Naag Devi
India 2002
Directed by Balaji Shah.

A Telugu version of Rajkumar Kohli's 1976 film Nagin, from 2002. You might think the film would benefit from the advances in film production in the 26 years that separate the two films, but instead it achieves a quality in both story and special effect dramatically worse than its inspiration.

Sometimes the makers of a new version of an old tale know the old one so well that the stages in the story become ritual, and the rational of moving from one place to the next is lost. So in this story, concerning a female snake goddess taking revenge on a group of men for the accidental killing of her mate, there is a moment after one of the men shoots the snake, that they suddenly decide they must bury the dead snake quickly or they will be doomed. They look for the snake, can't find it, and leave. What they forget to mention in this version is that the snake is supposed to have the image of its killers imprinted on its eye at the time of its death. And sure enough, with his lover finds his body, she gets convenient Polaroid snaps of each of the men, framed by his retina. Only viewers familiar with the original story would understand this, the point not being explained here. There are several moments like this. NAAG DEVI goes through the motions, but forgets to create character.

The snake goddess, or Naag Devi (Sudha) is a bit heftier than you might expect, as is her unattractive, hairy chested mate, and when they do their snake-mating dance, it is frankly rather clumsy and unpleasant to behold. Sudha acts mostly out of her nostrils, which are constantly flared, eyeballs open so wide they may pop out of her head at any moment. This means, I gathered, "I'm vengeful."

The music is not memorable, and in some cases, just plain bad. There is one butt-slapping disco number early on that was sort of fun, but not very. The choreography is dire. The lyrics are subtitled, a relative rarity on Indian DVDs.

In the last fourty-five minutes, NAAG DEVI diverges at last from the plot line of Nagin, and becomes a full fledged devotional picture. Telugu cinema is very serious about its god and goddess worship, and this movie is no exception. The wife of the remaining surviving man (the only passibly charismatic one of the bunch, Charan Raj), increases her devotions.
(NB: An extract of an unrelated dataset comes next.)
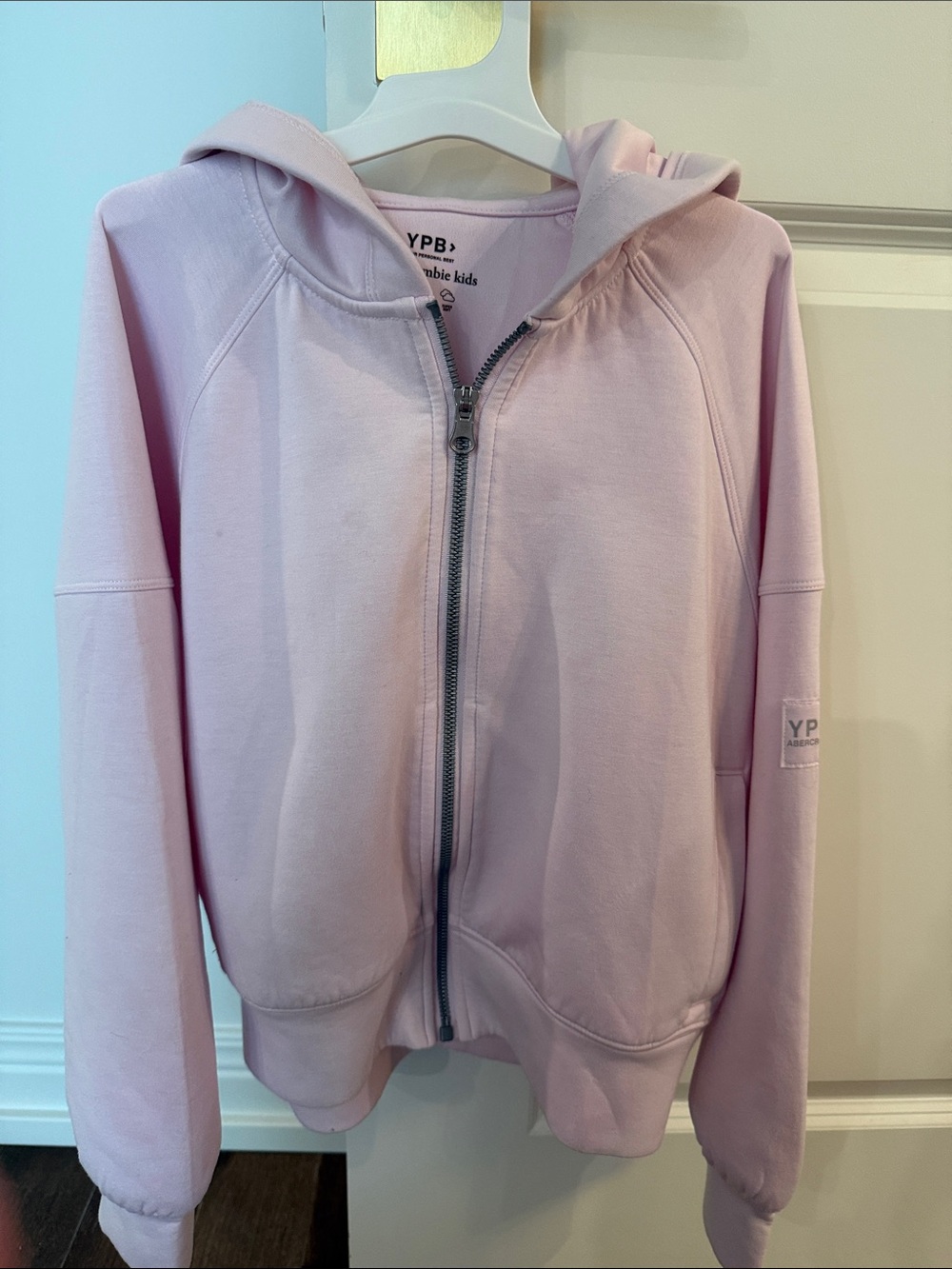 Abercrombie Kids Kids Light Pink Zip Hoodie sweatshirt size 11/12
She talks to a mystic who tells her she must get 22 married women to pray for her for 22 days. But the snake ruins it. The statue of the goddess Parvati, consort of Siva, then gives her a different prayer recipe: 5 days, offering food to married women and getting their blessings. Once again, the snake ruins it. And so on, until Durga, the mother of the universe and an aspect of Parvati, must intervene in the flesh. By getting the gods to tie everything up, though, the remake manages to miss out on the moral of the original, that vengeance is all consuming and ultimately ruinous. Which is what made the original film worth watching: it had a point, NAAG DEVI does not.

Rating: Not Recommended (Not Recommended)

Posted by Peter Nepstad on November 29, 2004.